Tatum erupted for 39 points, five rebounds, six assists, and six steals, leading the Celtics to a 109-103 victory, becoming the first player in franchise history to log a 35-5-5-5 playoff performance. He single-handedly outscored the combined efforts of Nets superstars Kevin Durant and Kyrie Irving (16 points apiece). And most importantly, he instilled belief within his teammates, which allowed them to maintain their lead from the 3:58 mark of the first quarter all the way through the final buzzer, placing them one win away from a first-round sweep.
“The most important thing about what we trying to accomplish is that we're all on the same page and we all are competing,” Tatum said postgame. “I tell the guys all the time in timeouts, especially late in games, my message is, ‘Nobody plays harder than we do.’ I'm always reminding guys that whoever is on the floor, guys coming off the bench, that's what I want people to think about. That we're the hardest playing team in the league 1-through-15.”

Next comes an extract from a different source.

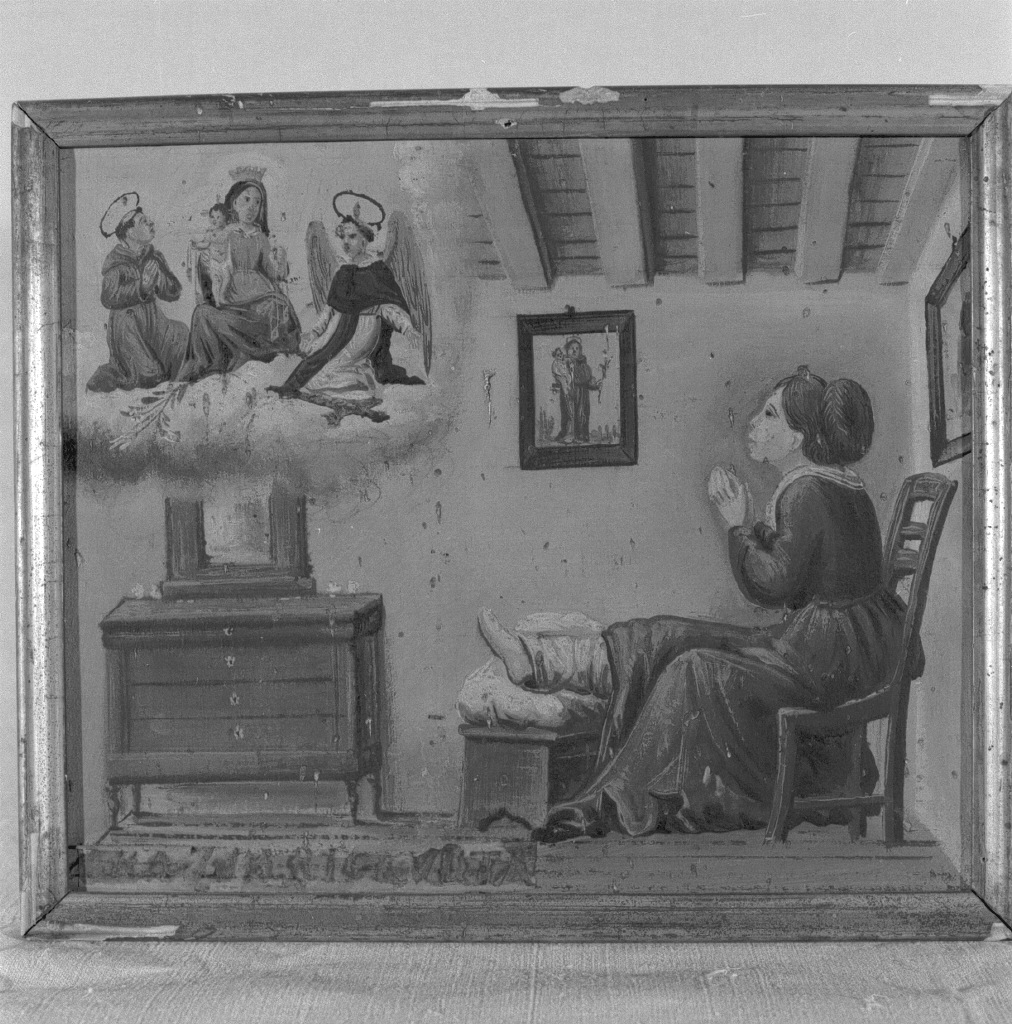 Madonna tra San Domenico e Sant'Antonio guarisce una caviglia, Madonna del Rosario con San Domenico e Sant'Antonio (ex voto) - ambito veneziano (seconda metà sec. XIX)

The Celtics needed that message Saturday night as Brooklyn never went away, making run after run. But every one of those runs, the Celtics sustained, never losing composure and thus never losing the lead.
“We would play a good stretch or two, and get that 11 or 12-point lead and they would bounce back,” said head coach Ime Udoka. “A lack of rotation or turnovers on our end would get them back into it, and that was big going into the fourth quarter to get that cushion back up, knowing they would push. I felt our physicality and attention to detail on certain guys was great. Durant only shooting three threes and Irving going 0-for-7 on a lot of tough, contested [threes] kind of told the story of how we’re defending.”
Tatum set the tone on the defensive end with his six steals, which marked a career-high for either a regular-season or playoff game. As a team, the Celtics forced 21 turnovers and off those turnovers, they scored 37 points.
On top of those turnovers, the C’s also created countless deflections, as Tatum, Jaylen Brown, Marcus Smart, Al Horford, and others all provided relentless pressure.
“Smart, even Al, diving on the floor, we need that from everybody,” said Tatum. “If Al's diving on the floor, there's no excuse for me not to or JB. We all know that. We all got each other's back. So being on the same page communicating and competing, playing as hard as you can.”
Jaylen Brown has also stepped up as a leader to make sure that the team is coming in with the right focus, as Grant Williams described after Saturday’s pregame shootaround. “JB does a great job saying that every single game, ‘We are who we are, we have to be true to ourselves, we have to trust one another, and we have to be our best.’”
Having not one star, but two, instilling such empowerment has gone a long way in forming championship-caliber chemistry and determination.
"That’s something that myself and Jayson have been challenged to do more,” said Brown, who notched 23 points, four rebounds, five assists, and two steals. “Taking the reins is something that we've grown in that regard: being a leader, speaking to different guys separately in different ways, finding ways to inspire, motivate, influence your teammates.”
Whatever Brown and Tatum are saying, it’s working, and they have a 3-0 series lead to show for it.